> **WORK INSTRUCTION**
In full and unchanged, set down the entries that follow, with no images.

> **MATERIAL PROVIDED**
:::::
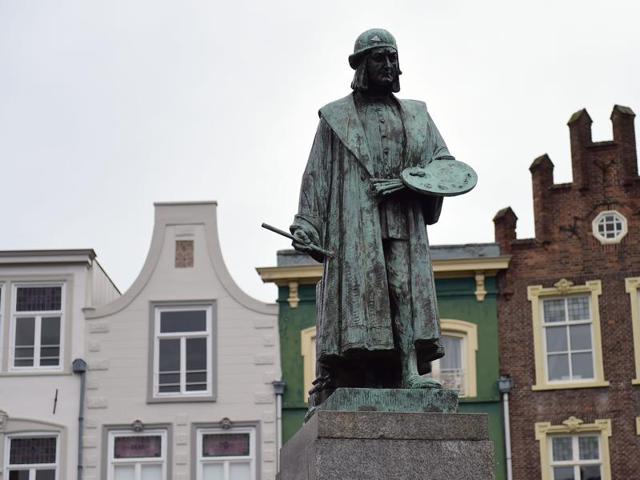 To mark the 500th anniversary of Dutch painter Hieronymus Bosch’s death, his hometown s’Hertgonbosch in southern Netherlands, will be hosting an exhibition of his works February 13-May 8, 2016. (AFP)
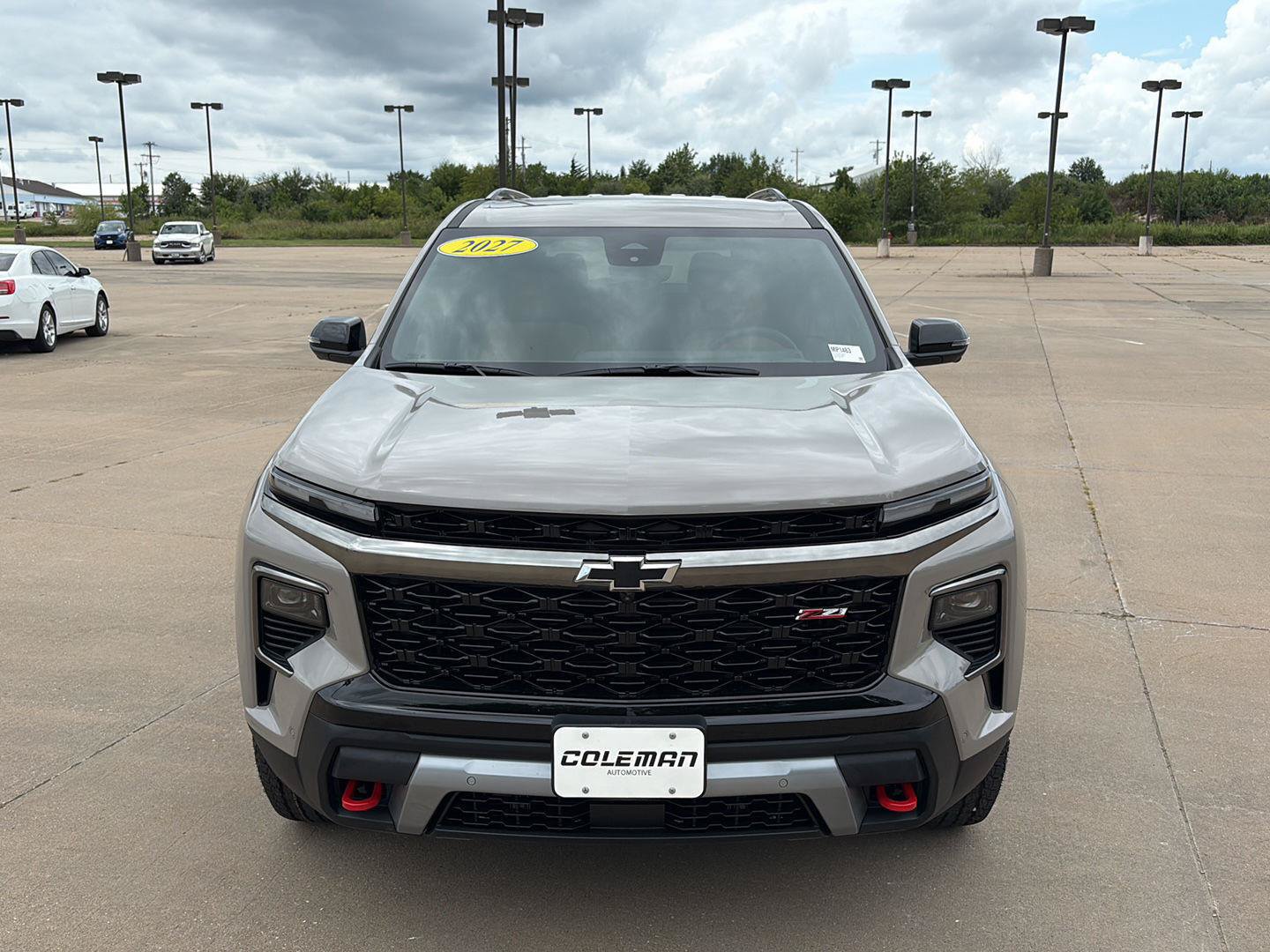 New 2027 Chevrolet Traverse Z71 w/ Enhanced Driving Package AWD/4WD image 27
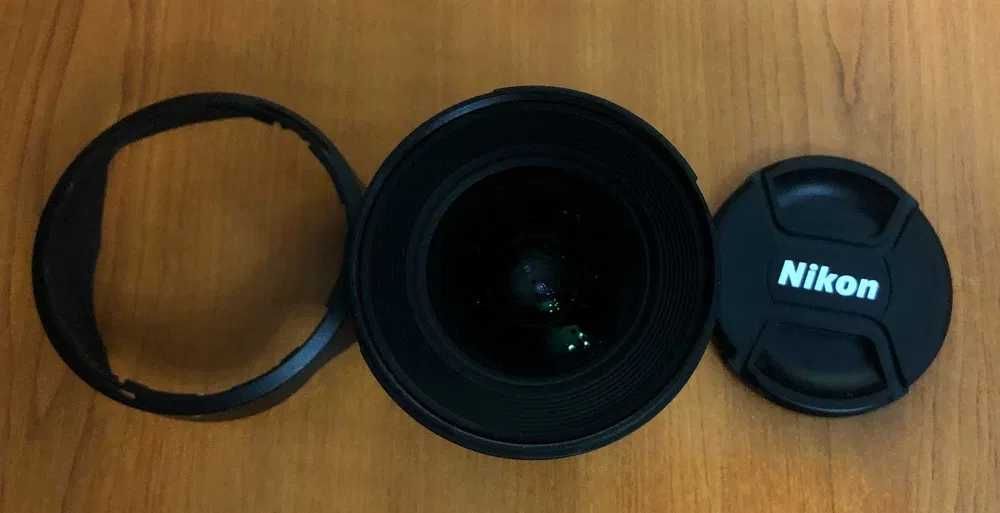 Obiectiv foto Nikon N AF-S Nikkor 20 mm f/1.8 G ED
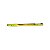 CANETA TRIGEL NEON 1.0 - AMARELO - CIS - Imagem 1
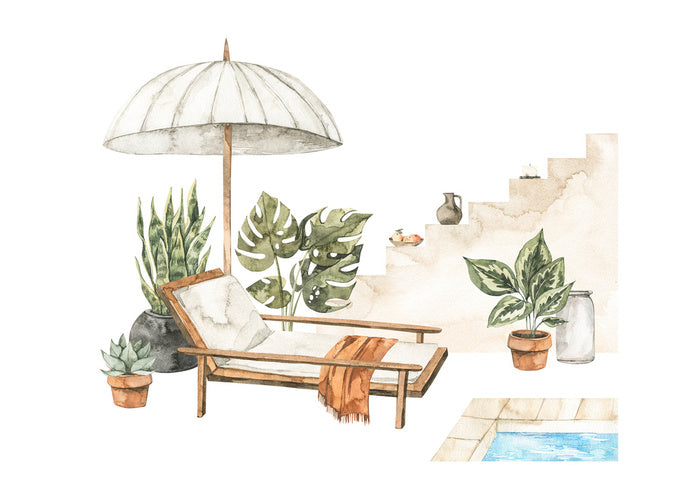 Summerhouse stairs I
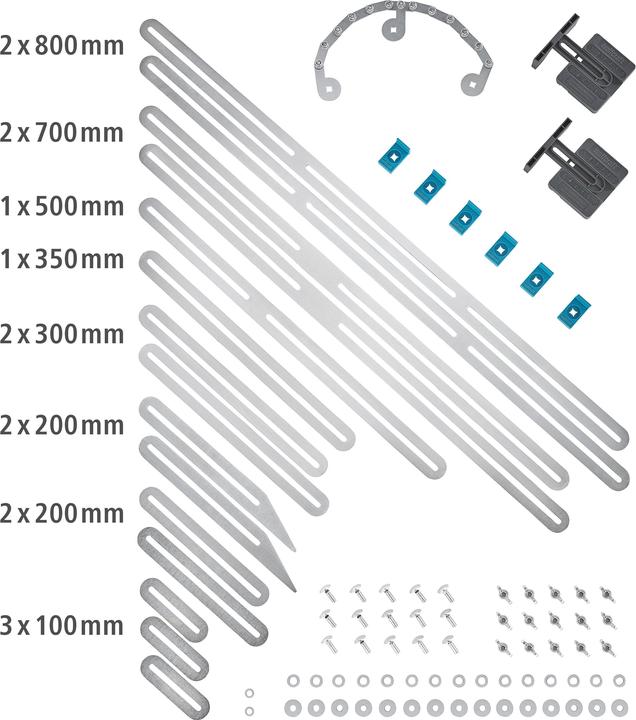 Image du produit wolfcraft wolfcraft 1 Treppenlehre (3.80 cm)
:::::
> **EXERCISE SOLUTION**
 To mark the 500th anniversary of Dutch painter Hieronymus Bosch’s death, his hometown s’Hertgonbosch in southern Netherlands, will be hosting an exhibition of his works February 13-May 8, 2016. (AFP)
 New 2027 Chevrolet Traverse Z71 w/ Enhanced Driving Package AWD/4WD image 27
 Obiectiv foto Nikon N AF-S Nikkor 20 mm f/1.8 G ED
 CANETA TRIGEL NEON 1.0 - AMARELO - CIS - Imagem 1
 Summerhouse stairs I
 Image du produit wolfcraft wolfcraft 1 Treppenlehre (3.80 cm)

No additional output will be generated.